2014年2月19日水曜日

クロスビー、スティルス&ナッシュ 『クロスビー、スティルス&ナッシュ』


昨年(2013年)の後半、クロスビー、スティルス&ナッシュの関連アルバム9タイトルが初紙ジャケ化された。どうしようかいろいろ考えたのだが、結局この中から私が買ったのは1枚きり。『クロスビー、スティルス&ナッシュ』だけだった。
このアルバムは、CSN&Yの原点であり、ロック史上に燦然と輝く超名盤とされている。しかし、私はめったにこのアルバムを聴かない。CSN&Yのアルバムでは、やはり『4ウェイ・ストリート』や『デジャ・ヴ』の方に手が伸びてしまう。

CSN&Y(CS&Nも含む)の最高傑作は一般には『デジャ・ヴ』とされている。しかし私が一番好きなのは、『4ウェイ・ストリート』だ。そして、『デジャ・ヴ』よりも、この『4ウェイ・ストリート』こそ、彼らのベスト作だと思っている。
このライヴ・アルバムには、彼らの音楽の二つの面、すなわち内省的な面と躍動的な面の両方がぎっしりつまっている。そしてまた4人のメンバーの個性の違いが、鮮やかに浮き彫りにもされているのだ。何とかこのアルバムの紙ジャケ化も実現してほしいものだ。

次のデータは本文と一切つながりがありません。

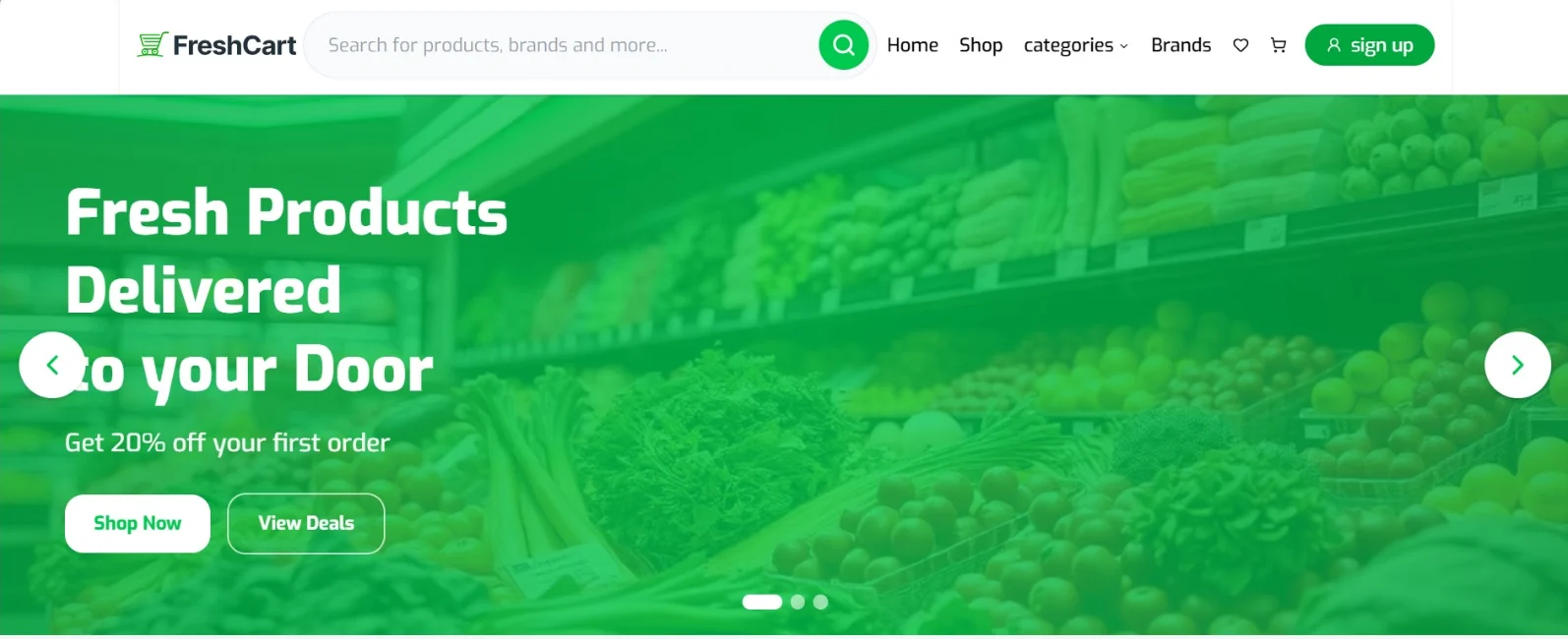 Fresh Cart home page: search bar, navigation with categories and brands, and a green promotional hero slider reading “Fresh Products Delivered to your Door”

それはともかく、『4ウェイ…』に比べると、このファースト・アルバム『クロスビー、スティルス&ナッシュ』は、線が細い印象で、音も薄くて軟弱に聴こえてしまう。
しかしあらためて考えてみると、『クロスビー、スティルス&ナッシュ』に収録されている曲の内、『4ウェイ…』で演奏されているのは3曲のみ(プラス「青い目のジュディ」の断片)。彼らの最大の魅力であるコーラス・ワークを前面に押し出した曲の数々は、やはり、このファースト・アルバムでしか聴けないのだった。
今回やっと紙ジャケ化されたことでもあるし、あらためてこのアルバムの魅力について考え、自分なりの感想を述べてみることにしよう。



<新しいグループ・イメージ>

クロスビー、スティルス&ナッシュ(以下CS&N)の結成は、1968年のこと。元バーズ(クロスビー)、元バッファロー・スプリングフィールド(スティルス)、元ホリーズ(ナッシュ)のメンバーによる「スーパー・グループ」ということで話題になる。
そして翌1969年の5月には、デヴュー・アルバム『クロスビー、スティルス&ナッシュ』が発表されるのだ。このアルバムは、チャートの6位まで上昇、200万枚を越える売り上げを記録している。デヴュー作としては、特大のヒットと言えるだろう。
しかし重要なのは、彼らが単に「スーパー・グループ」という話題性を越え、時代の精神を象徴する存在として、広く一般の支持を集めたということだろう。

彼らはふつうのロック・バンドとは、ちょっと様子が違っていた。ふつうのバンドといえば、ヴォーカルがいて、ギタリストがいて、ベーシストがいて、ドラマーがいて…、といった具合に楽器を分担して担当する人たちの集まりだ。ところが、CS&Nはそうではなかった。メンバーは3人とも歌を歌うのだが、このグループには、ベーシストもドラマーもいなかった。
デヴュー・アルバムの収録曲は全部で10曲。これらはメンバーの3人が、それぞれ持ち寄った曲だ。クロスビー作が2曲、スティルス作が4曲、ナッシュ作が3曲、それにクロスビーとスティルスの共作が1曲。つまり、彼ら3人は3人とも、まずソングライターであり、またシンガーであったのだ。「シンガー・ソングライター」という用語は、70年代になってからのものだが、さかのぼって使うなら、このグループはまさにシンガー・ソングライター・チームだったわけだ。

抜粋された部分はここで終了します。